Sometimes we may think that perfection is acquired by becoming aware of our faults and working to root these out. However, when we become more familiar with Jesus’ attitude to the limited and sinful side of ourselves we learn to accept our limited and sinful self just as Jesus did with Zacchaeus (Luke 19:1-10). If we don’t accept this side of ourselves, we tend to become fixated with it and fail to appreciate the fullness of life Jesus has already given us.
Be with Jesus and let him teach you to let the weeds grow with the wheat lest seeking to root them or you might fail to appreciate all that is good and even beautiful about your life.
We are frustrated and baffled by the presence of evil in our midst; it is one of our biggest questions. In this parable Jesus tells us that this is the work of the enemy: the struggle between good and evil is to the death, but we can rest assured that God will have the last word. It is never easy to believe this, for often the evidence points in the other direction, so ask for the grace to believe that God is the just and powerful judge.
The farmer discovers the malicious act but avoids a hasty response. He is prepared to wait until the proper time, knowing that, while the seedlings are indistinguishable, the plants will be evidently different from one another.
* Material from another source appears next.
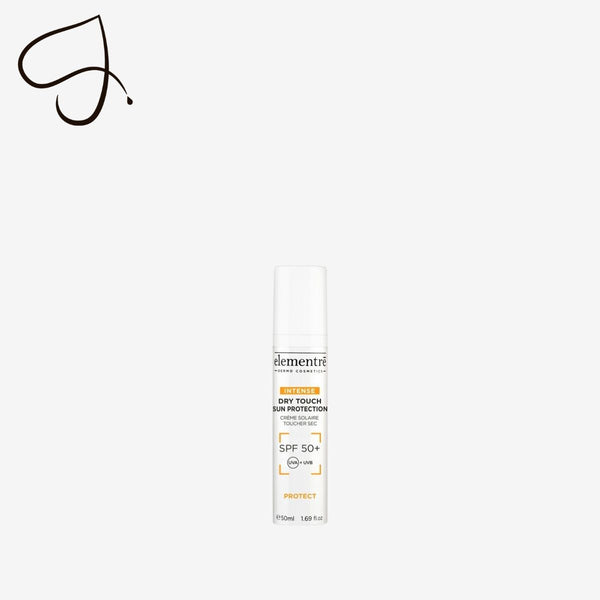 Elementre Dry Touch SPF50+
God is a patient and tolerant ‘householder’. God’s primary care and concern is for the ‘good seed’, the wheat, which he sowed initially. He will not jeopardize its growth. Similarly, God is patient with each of us. God promotes our personal and spiritual growth, and delights when we bear much fruit.
God is ever patient. He bears with us, and we too must be patient with the good and the evil, the sinner and the saint. We must not fear. The key to the mystery of good and evil co-existing is the confidence that the Lord of all history will be present when the crop is gathered. Jesus Himself tells us to go on growing confidently in the midst of human ambiguity, trusting that it is our God who will finally reap a rich harvest.
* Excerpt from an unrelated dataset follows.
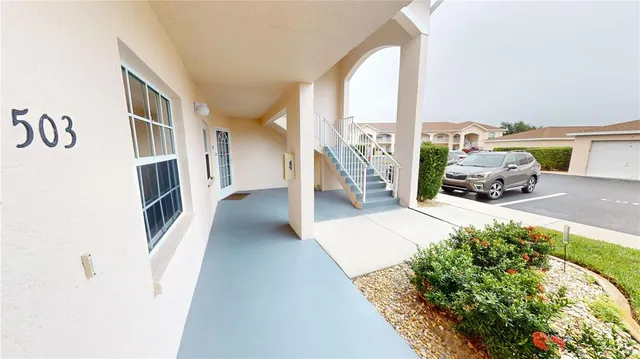 $169,000 | 12144 Southwest Egret Circle, Unit 503, Lake Suzy, FL 34269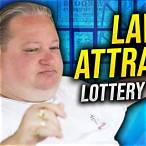 law of attraction lottery winners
Good and evil co-exist in human life and in the world. Nothing or no-one is perfect. We are all in need of forgiveness and redemption.
Could it be that it is I who sow weeds in my own heart? Do I ever deliberately spoil things for others? Am I sometimes an enemy to my own good, when I know what to do but do not do it? I ask forgiveness for what the Lord reveals to me about this.
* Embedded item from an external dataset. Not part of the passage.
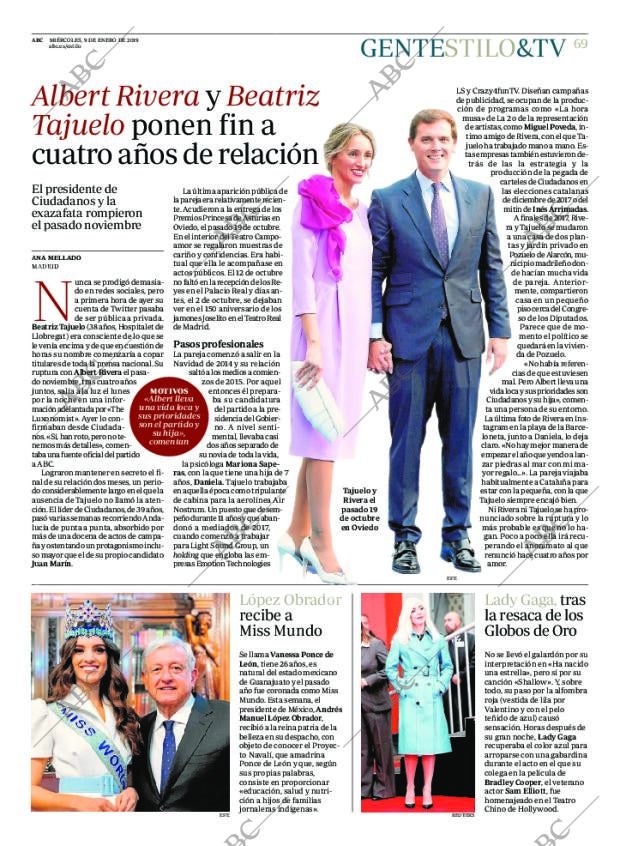 ABC CORDOBA 09-01-2019 página 69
The ‘weeds’ are a species of wild wheat, sometimes known as ‘false wheat’. Only at harvest time can the farmer distinguish the real from the false. Jesus is saying that good and bad are mixed together in this world and indeed in each one of us. We must be patient with others and with ourselves: none of us is yet perfect.
Lord, is the field of my heart a dreadful mix of wheat and weeds? Some of my weeds have deep roots, such as my personality defects. Teach me to be patient with these. And make me patient with the weeds I notice so clearly in others. Don’t let me start tearing them up lest I do more damage than good.
Jesus does not condone or encourage what is not of God, yet he seems to be able to acknowledge that different motivations and spirits are at work. How might I let this spirit of Jesus shape my life?
Perhaps I can look back on events in my life that seemed barren or weedy, and see now that God was at work. What does that say to me about judging, hope or perspective?
There are ‘weeds’ in our life for sure, but they are not the measure of the harvest that God values in us. We ask for help that our habits and choices may give growth to what is good and true.
There are ‘weeds’ in our life for sure, but they are not the measure of the harvest that God values in us. Let us ask for help that our habits and choices may give growth to what is good and true.
Jesus does not condone or encourage what is not of God, yet he seems to be able to acknowledge that different motivations and spirits are at work. How might we let this spirit of Jesus shape our life?
God Bless you. Have a wonderful day.